Prophet Time Series Modeling: A predictive time series algorithm developed by Facebook that is intuitive and easy to use. Its main strengths are handling missing data and changes in trends, robustness to outliers and fast adaptation. 

 Autoregressive Integrated Moving Average (ARIMA): a statistical method for forecasting time series data that models the correlation between the data and its lagged values. ARIMA can handle a variety of time series data, but it can be more difficult to implement than some other methods. 

 Exponential Smoothing: A method for forecasting time series data that uses a weighted average of past data to make predictions. Exponential smoothing is relatively easy to implement and can be used with a variety of data, but it may not perform as well as more complex methods.

4-Ensemble learning-Ensemble algorithms are machine learning techniques that combine predictions from multiple models to make more accurate predictions than any single model. There are several reasons why ensemble algorithms can outperform traditional machine learning algorithms.

Algo-

Random Forest: a machine learning algorithm that generates a set of decision trees and makes predictions based on the majority of trees. 

 XGBoost: A type of gradient boosting algorithm that uses decision trees as its base model and can be one of the strongest predictive ML algorithms. 

 LightGBM: Another type of gradient boosting algorithm designed to be faster and more efficient than other boosting algorithms. 

 CatBoost: A gradient boosting algorithm specially designed to handle categorical variables well.

5-Cluster algo-Clustering algorithms are an unsupervised learning task and are used to group data into "clusters". Unlike supervised learning, where the target variable is known, clustering does not have a target variable. 

 This technique is useful for finding natural patterns and trends in data and is often used in the data exploration phase to better understand the data. In addition, clustering can be used to divide data into separate segments based on different variables. A common application of this is customer or user segmentation.

Algo-

K-mode clustering: a clustering algorithm designed specifically for categorical data. It can handle very advanced categorical data and is relatively easy to implement. 

 DBSCAN: a density-based clustering algorithm that can identify clusters of arbitrary shape.
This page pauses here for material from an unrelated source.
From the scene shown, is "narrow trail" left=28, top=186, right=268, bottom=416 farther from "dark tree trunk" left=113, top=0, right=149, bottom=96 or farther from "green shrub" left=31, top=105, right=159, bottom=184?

It is relatively robust to noise and can detect anomalies in the data. 

 Spectral Clustering: a clustering algorithm that uses the eigenvectors of a similarity matrix to group data points into clusters. It can handle non-linearly separable data and is relatively efficient.

6-Similarity algo-Similarity algorithms are used to measure the similarity between pairs of records, nodes, data points or text. These algorithms can be based on the distance between two data points (e.g. Euclidean distance) or text similarity.

Algo-

Euclidean distance: a measure of the straight-line distance between two points in Euclidean space. Euclidean distance is easy to calculate and is widely used in machine learning, but it may not be the best choice in situations where the data is not uniformly distributed. 

 Cosine Similarity: A measure of similarity between two vectors based on the angle between them. 

 Levenshtein Algorithm: An algorithm to measure the distance between two strings based on the minimum number of modifications (insertions, deletions or substitutions) of a single character needed to convert a single string. The Levenshtein algorithm is often used for spell checking and string matching. 

 Jaro-Winkler Algorithm: An algorithm to measure the similarity between two strings based on the number of matching characters and the number of transpositions. It is similar to Levenshtein's algorithm and is often used to link records and resolve items. 

 Singular Value Decomposition (SVD): A matrix decomposition method that decomposes a matrix into the product of three matrices - an important component of modern recommendation systems.